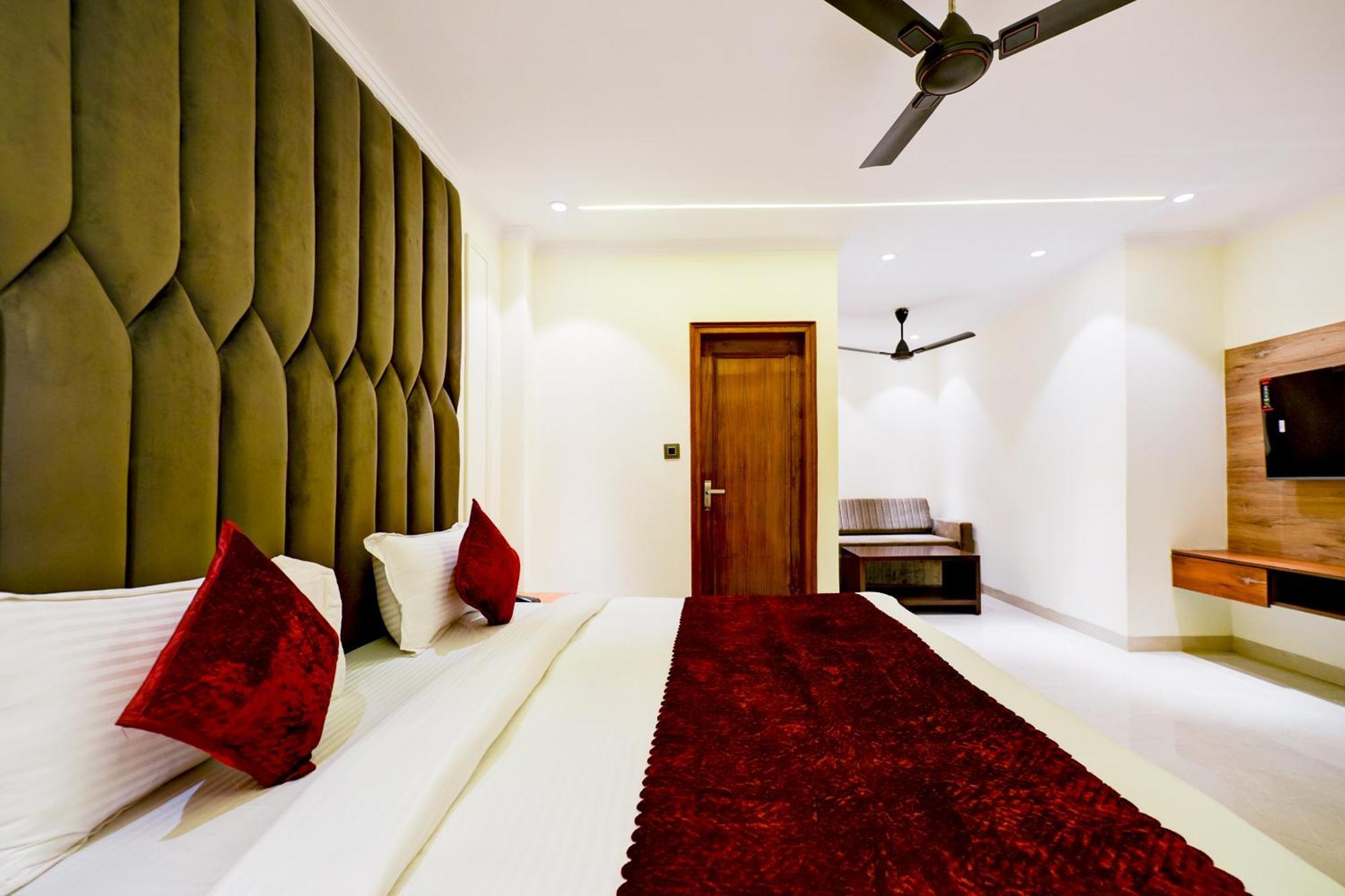 Hotel Surya Plaza Нью-Делі Екстер'єр фото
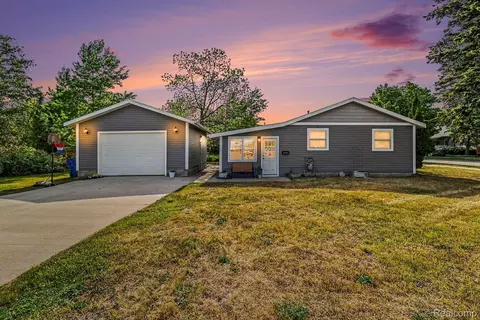 701 W Loomis St, Ludington, MI 49431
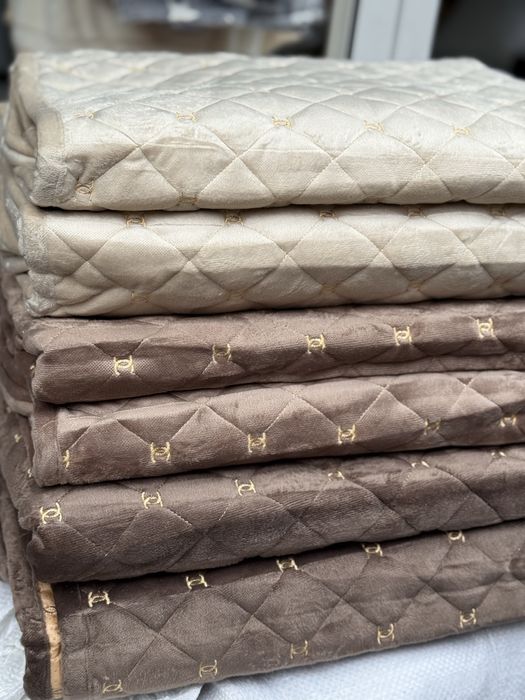 Девандеки 3/1 на прорезинені основі верх велюрова основа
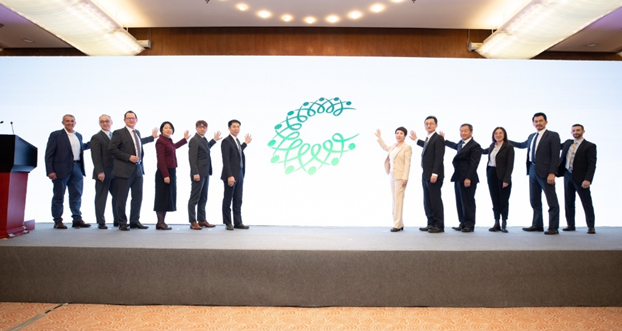 图6：2023年3月14日，“气候变化与碳中和国际合作联合行动”启动仪式在清华大学顺利举行，微软亚洲研究院学术合作总监马歆（右三）与其它十一家创始理事单位代表共同见证了“联合行动”的开启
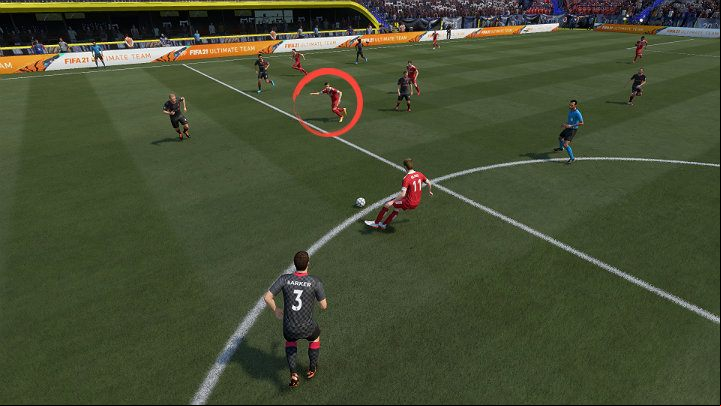 When a one touch football starts, the player who initiates the action will always run a little forward, which is indicated by a quick hand movement in the specified direction - FIFA 21: es - Basics - FIFA 21 Guide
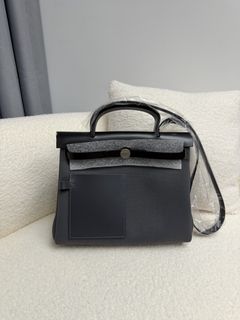 （分類：）位於 。 由 hklvintage 提交（商品編號 1449849915，圖片 1）。簡介： 。
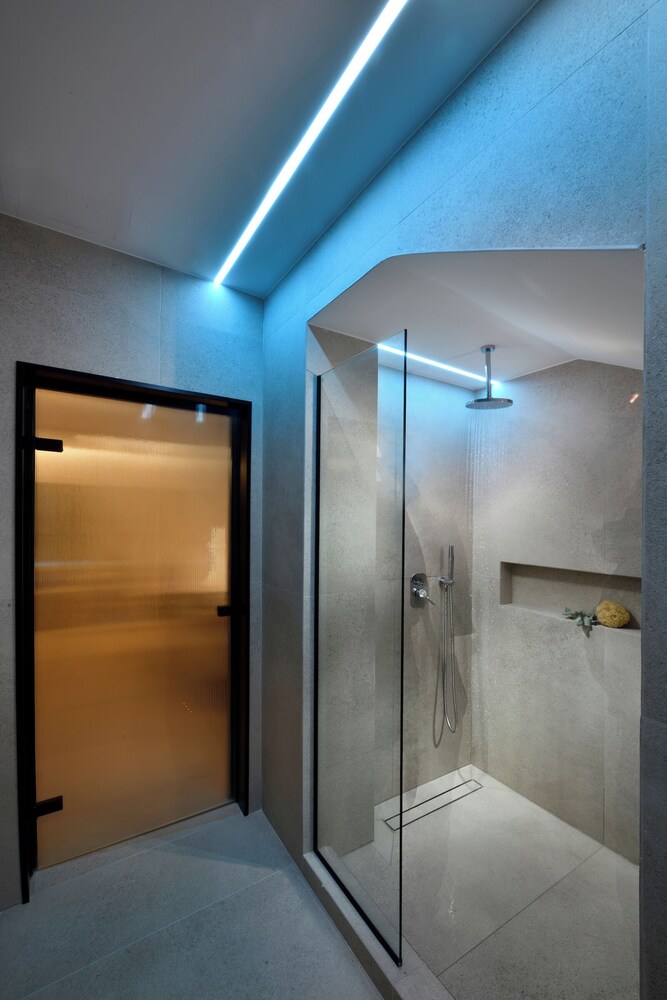 Etere Luxury Suites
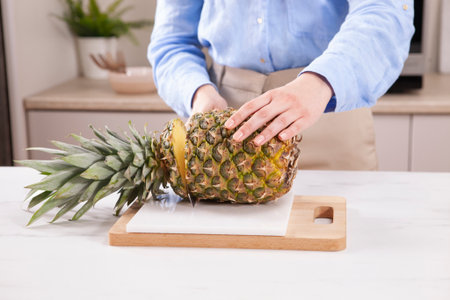 Ensalada fría de piña al vapor con puré de frutos rojos y menta - step1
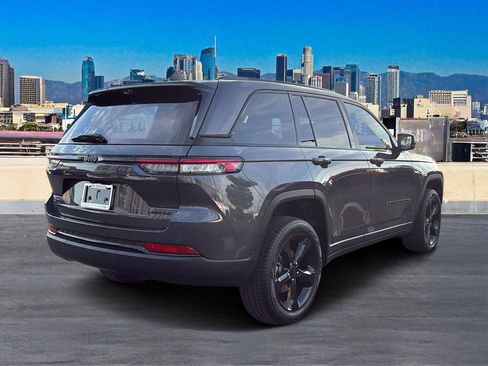 New 2025 Jeep Grand Cherokee Limited w/ Luxury Tech Group II image 4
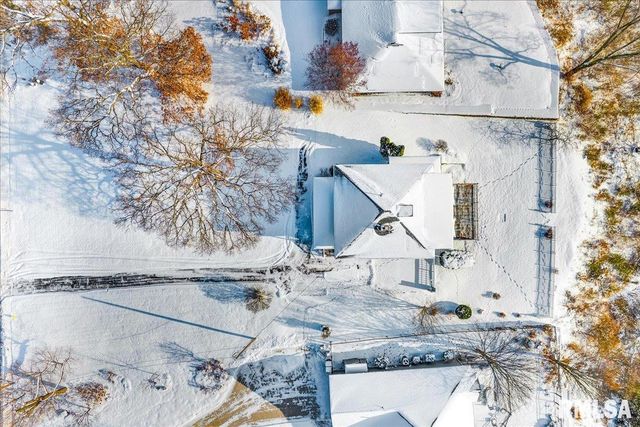 1102 NE GLEN OAK Avenue, Peoria, IL 61603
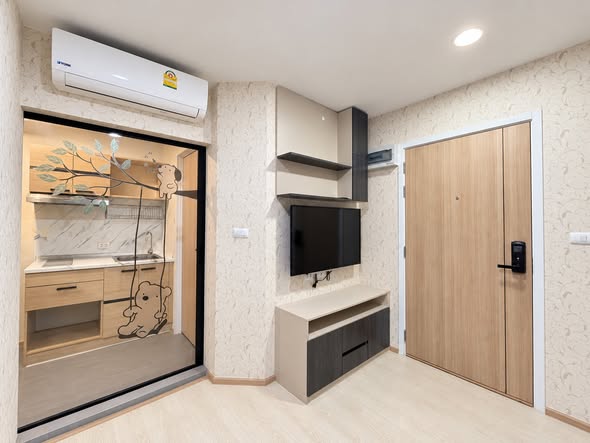 bedroom and room interior of The Excel Groove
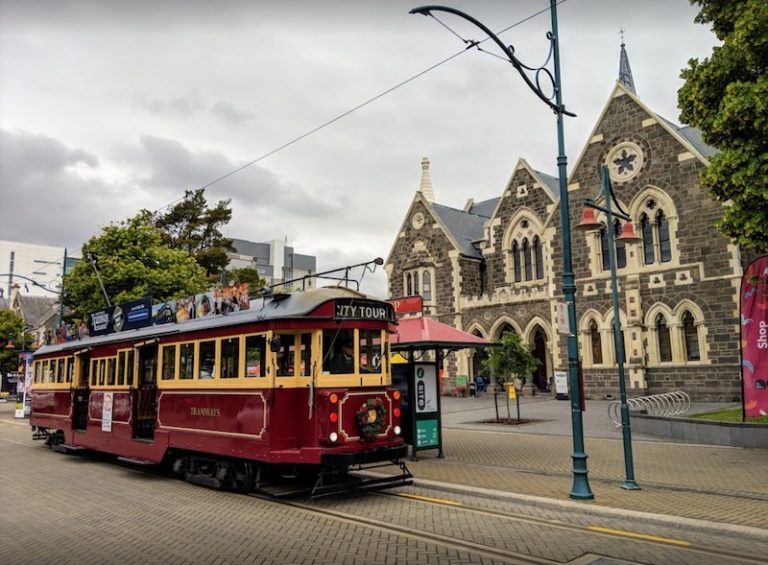 BEST NEW ZEALAND CRAFTS & ARTIST/ DESIGN STORES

★ ★ ★ ★ ★ ★ ★

Please transcribe, word for word, every line from the one containing "Ensalada fría de" through the last line of the records, both included, and leave the pictures out.

 Ensalada fría de piña al vapor con puré de frutos rojos y menta - step1
 New 2025 Jeep Grand Cherokee Limited w/ Luxury Tech Group II image 4
 1102 NE GLEN OAK Avenue, Peoria, IL 61603
 bedroom and room interior of The Excel Groove
 BEST NEW ZEALAND CRAFTS & ARTIST/ DESIGN STORES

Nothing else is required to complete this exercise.